Even if you could compute it now, that would still be tied to current architectures. With appropriate incentives, we'll continue developing hardware to make these models more efficient to execute. It's very likely that you'll be able to run a Fable caliber coding model on your phone in the next five years.
>This matters because unlike cars LLMs are only doing stuff we can already do using our brains, just several orders of magnitudes less efficiently. Cars can at least take us distances we would never be able to using our muscles.
But that's not largely true of cars. The majority of trips are five miles or less and could easily be replaced with a bicycle. While I might personally use a bicycle, the majority choose a car to save a bit of time and effort.
So, please continue to enjoy your car, and I will continue to enjoy ready access to an LLM for a variety of other tasks. My inference energy costs are almost certainly less than your vehicle usage. ;)
OK then - do it, faster.
> You can take comfort in the fact that a few months later some[...] developer can [solve] the same problem [using your work]

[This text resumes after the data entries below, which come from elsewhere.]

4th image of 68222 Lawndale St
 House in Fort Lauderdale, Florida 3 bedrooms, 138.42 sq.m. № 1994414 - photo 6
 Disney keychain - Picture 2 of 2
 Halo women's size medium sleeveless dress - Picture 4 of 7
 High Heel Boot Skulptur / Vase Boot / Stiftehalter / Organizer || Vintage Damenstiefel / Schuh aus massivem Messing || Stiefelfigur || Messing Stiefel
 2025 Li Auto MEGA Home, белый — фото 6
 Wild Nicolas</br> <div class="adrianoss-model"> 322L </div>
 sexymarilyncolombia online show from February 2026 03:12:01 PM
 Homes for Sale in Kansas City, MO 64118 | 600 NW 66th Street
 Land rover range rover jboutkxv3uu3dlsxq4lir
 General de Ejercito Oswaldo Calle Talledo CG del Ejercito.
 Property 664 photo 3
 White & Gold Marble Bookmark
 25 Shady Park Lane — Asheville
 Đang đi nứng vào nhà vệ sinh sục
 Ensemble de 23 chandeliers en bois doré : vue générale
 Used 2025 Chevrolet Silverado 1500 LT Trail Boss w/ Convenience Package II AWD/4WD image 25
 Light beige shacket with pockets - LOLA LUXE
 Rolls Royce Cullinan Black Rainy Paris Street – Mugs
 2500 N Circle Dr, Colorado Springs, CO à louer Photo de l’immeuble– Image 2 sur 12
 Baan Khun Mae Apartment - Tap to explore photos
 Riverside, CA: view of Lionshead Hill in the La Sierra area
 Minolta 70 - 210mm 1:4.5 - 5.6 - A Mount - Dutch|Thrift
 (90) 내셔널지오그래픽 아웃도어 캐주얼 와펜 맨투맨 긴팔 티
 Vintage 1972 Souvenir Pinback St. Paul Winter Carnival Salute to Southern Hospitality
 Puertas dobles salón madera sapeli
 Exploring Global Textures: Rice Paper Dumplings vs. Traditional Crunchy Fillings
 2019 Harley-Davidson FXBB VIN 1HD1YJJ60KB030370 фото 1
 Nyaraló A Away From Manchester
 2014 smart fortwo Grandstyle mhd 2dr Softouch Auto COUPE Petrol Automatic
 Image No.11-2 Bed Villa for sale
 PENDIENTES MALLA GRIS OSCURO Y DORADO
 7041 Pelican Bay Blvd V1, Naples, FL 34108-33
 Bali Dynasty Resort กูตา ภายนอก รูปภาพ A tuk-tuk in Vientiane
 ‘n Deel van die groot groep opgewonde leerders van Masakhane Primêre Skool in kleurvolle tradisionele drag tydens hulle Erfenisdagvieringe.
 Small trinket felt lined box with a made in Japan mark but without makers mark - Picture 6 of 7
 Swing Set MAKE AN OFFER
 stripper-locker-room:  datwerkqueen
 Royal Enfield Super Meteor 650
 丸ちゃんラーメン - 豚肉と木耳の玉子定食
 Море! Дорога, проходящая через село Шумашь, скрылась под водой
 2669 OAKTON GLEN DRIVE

Isn't that what collaboration and sharing software is supposed to be all about?
On the other hand: "Stop trying to make 'clanker' happen! It's not going to happen!"
"AI slop" caught on but "clanker" did not.
It caught on, sure, but not exactly in the way I expected. The wild popularity of "slop" as a term for AI eventually gave way to the genericization of the word "slop" to mean "content of low quality, regardless of source", and is seemingly being used as just a derogatory term for anything that people dislike (particularly by folks in left leaning communities). For example, I've seen people refer to (clearly human written) commentary from some political commentators as "slop".
You comment kind of reinforces the idea by the fact that you have to now say "AI slop" specifically to disambiguate it. It's kind of a fascinating little turn.
The earliest OED2 citation of "slop" for the sense "figurative. Nonsense, rubbish; insolence" is 1952. Slop was slop long before "AI slop" was coined, and AI slop is slop from an AI.
We're a society built by thought and good-will engagement. We won't get out of our "rules for thee" with less thought and less good-will engagement.